■ Exercise
Leave out the images and return all the data word for word.

■ Recorded information
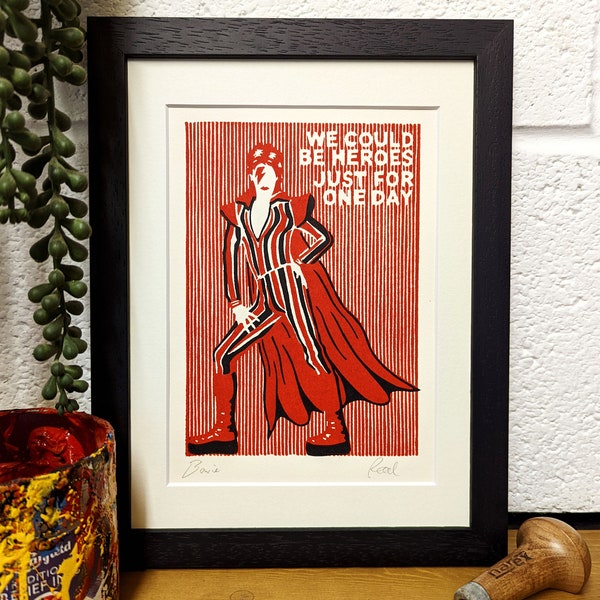 Super Bowie- Heroes Original Lino Print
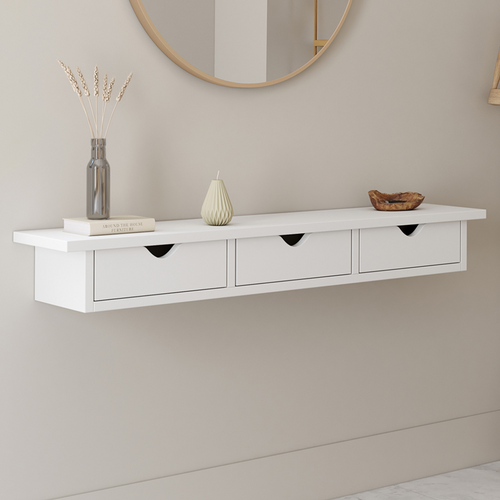 Etagère Murale Console D'entrée Lise 3 Tiroirs Blanche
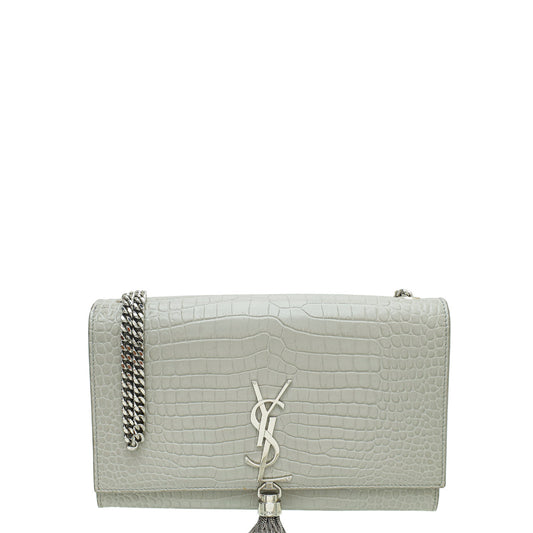 YSL Grey Kate Tassel Croco Embossed Medium Shoulder Bag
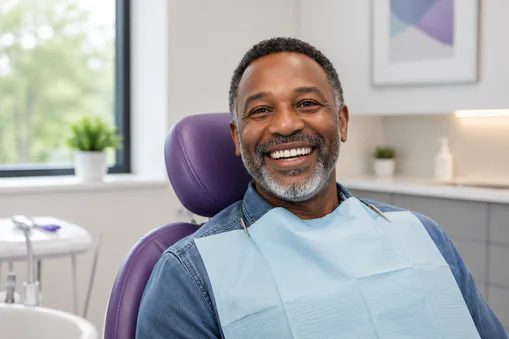 mature man at dentists office chair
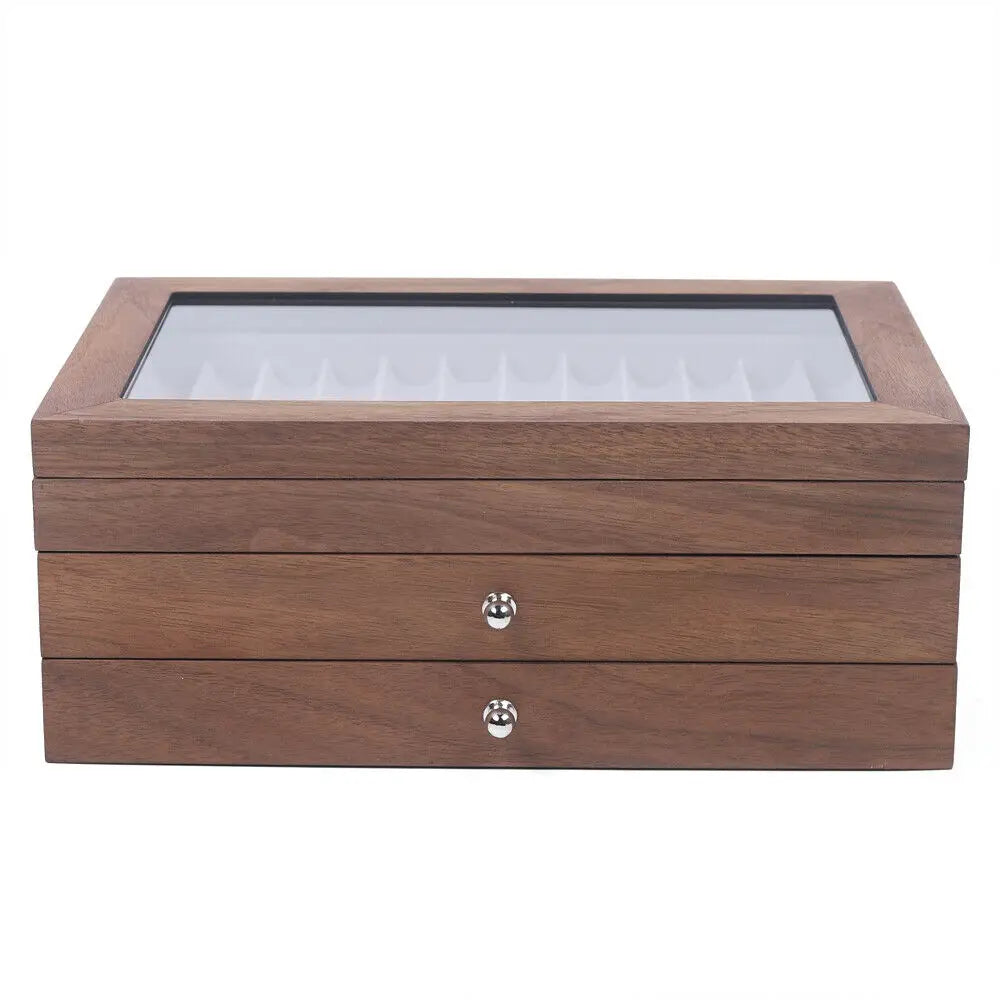 Pen Storage Case 34 Slots Walnut Wood Cabinet With Drawer Student Stationery Pen Display Show  Gift Case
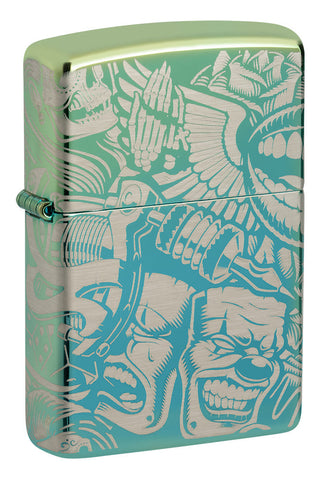 Briquet Zippo ¾ angle 360° vue de face fait de métal, avec une illustration en couleur qui montre le style tatouage avec des squelettes de clowns des dés de chance ainsi que des roses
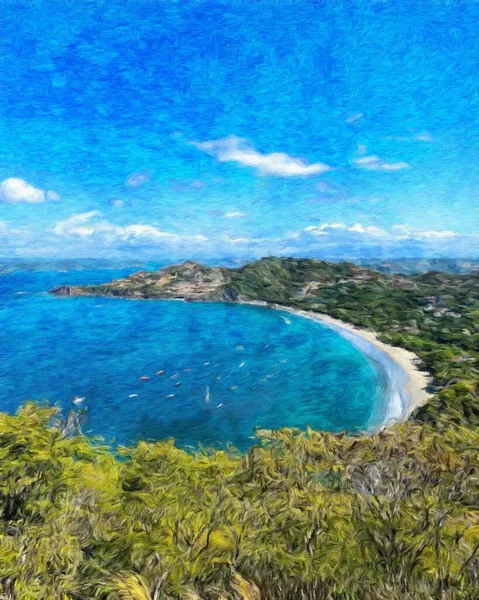 Watercolor Pastel Drawing Nature Landscape Tropical Travel Touristic Place Seychelles — Stock Photo, Image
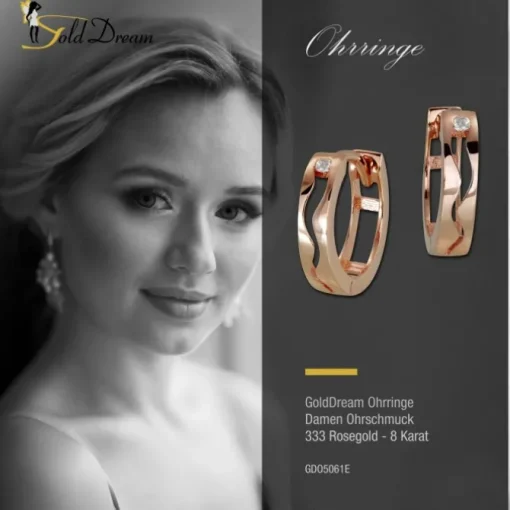 GoldDream Creole Welle Zirkonia Ohrring 333er Rosegold Echtschmuck GDO5061E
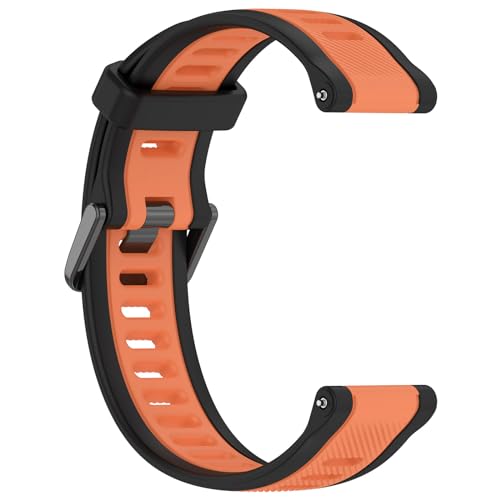 Yikamosi Kompatibel mit Garmin Forerunner 165 Armband für Frauen und Männer,Dual Color Schnellverschluss Weiches Silikon rostfreiem Metallverschluss Ersatzbänder für Forerunner 165,Schwarz/Orange von Yikamosi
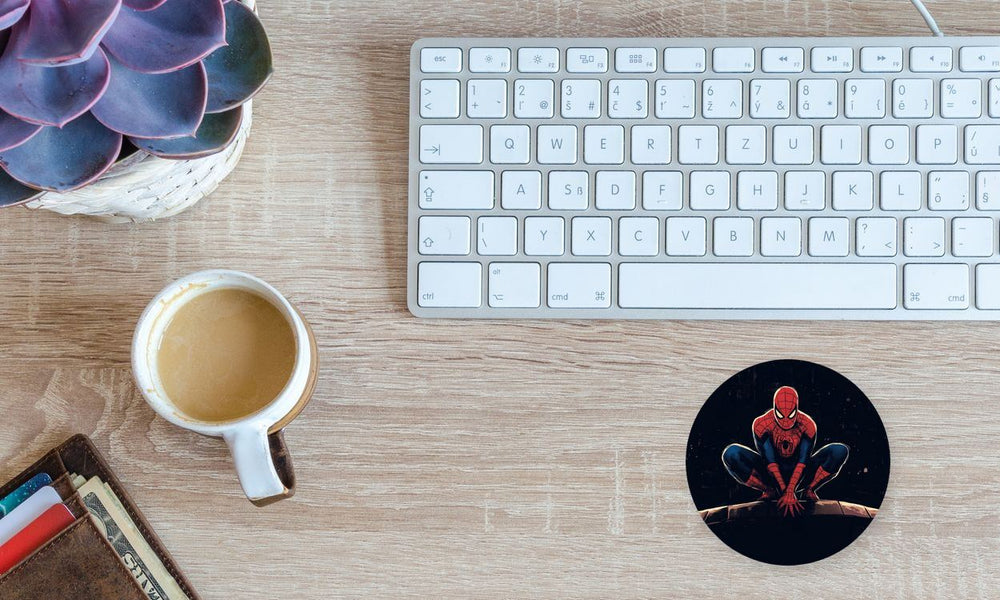 Spider-Man Crouching Round Sticker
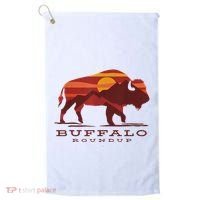 Buffalo Roundup Custer State Park South Dakota Sunset Golf Towel thumb 0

■ Task result
 Super Bowie- Heroes Original Lino Print
 Etagère Murale Console D'entrée Lise 3 Tiroirs Blanche
 YSL Grey Kate Tassel Croco Embossed Medium Shoulder Bag
 mature man at dentists office chair
 Pen Storage Case 34 Slots Walnut Wood Cabinet With Drawer Student Stationery Pen Display Show  Gift Case
 Briquet Zippo ¾ angle 360° vue de face fait de métal, avec une illustration en couleur qui montre le style tatouage avec des squelettes de clowns des dés de chance ainsi que des roses
 Watercolor Pastel Drawing Nature Landscape Tropical Travel Touristic Place Seychelles — Stock Photo, Image
 GoldDream Creole Welle Zirkonia Ohrring 333er Rosegold Echtschmuck GDO5061E
 Yikamosi Kompatibel mit Garmin Forerunner 165 Armband für Frauen und Männer,Dual Color Schnellverschluss Weiches Silikon rostfreiem Metallverschluss Ersatzbänder für Forerunner 165,Schwarz/Orange von Yikamosi
 Spider-Man Crouching Round Sticker
 Buffalo Roundup Custer State Park South Dakota Sunset Golf Towel thumb 0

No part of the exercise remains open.